For nine days they sailed, carefully rationing the precious snails and water, until they sighted land. This was the coast of Burma. Approaching the shore, they were met by natives who came out to meet them. To the voyagers’ intense relief the natives were friendly, and did all they could to make the starving men comfortable, nursing them with kindly solicitude. From here the natives took them up a river to where a British steamer lay. On hearing the castaways’ story the captain at once departed in search of the men left behind on Andaman Island. They were all found alive, but the experience had so wrecked their bodies that all but two of them died shortly afterward.
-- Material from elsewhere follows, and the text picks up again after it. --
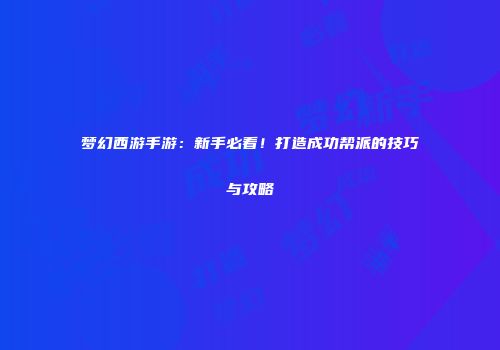 梦幻西游手游：新手必看！打造成功帮派的技巧与攻略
The following is the true story of another ship named Elizabeth, but that is as far as the resemblance goes. Neither ship nor men were lost, and there were no adventures on hostile shores. But no tale of the sea could more aptly demonstrate the extraordinary daring and resolution of the old Jack Tar. The austere discipline of the sea demands more of a man than does the soft and sheltered safety of life ashore. It is not difficult to understand the old sailor’s contempt for landsmen. Sailors were expected to carry out orders that to a landsman would appear impossible. Poor pay, poor and insufficient food (food a dog would refuse), the hardest kind of work (often extremely dangerous), living and sleeping for weeks on end in wet clothes—it is a marvel that men were prepared to man ships when faced with the prospect of living under such harsh conditions. Yet there were always boys ready to run away to sea. Robert Drury, who left behind him the extraordinary record of the wreck of the Degrave, was such a boy. His father had tried to make an office-worker of him, but the immortal spirit of adventure sent him to sea in a day when seafaring life was far more rigorous and more hazardous than it is now. To young Drury any other life than that of a sailor was unthinkable.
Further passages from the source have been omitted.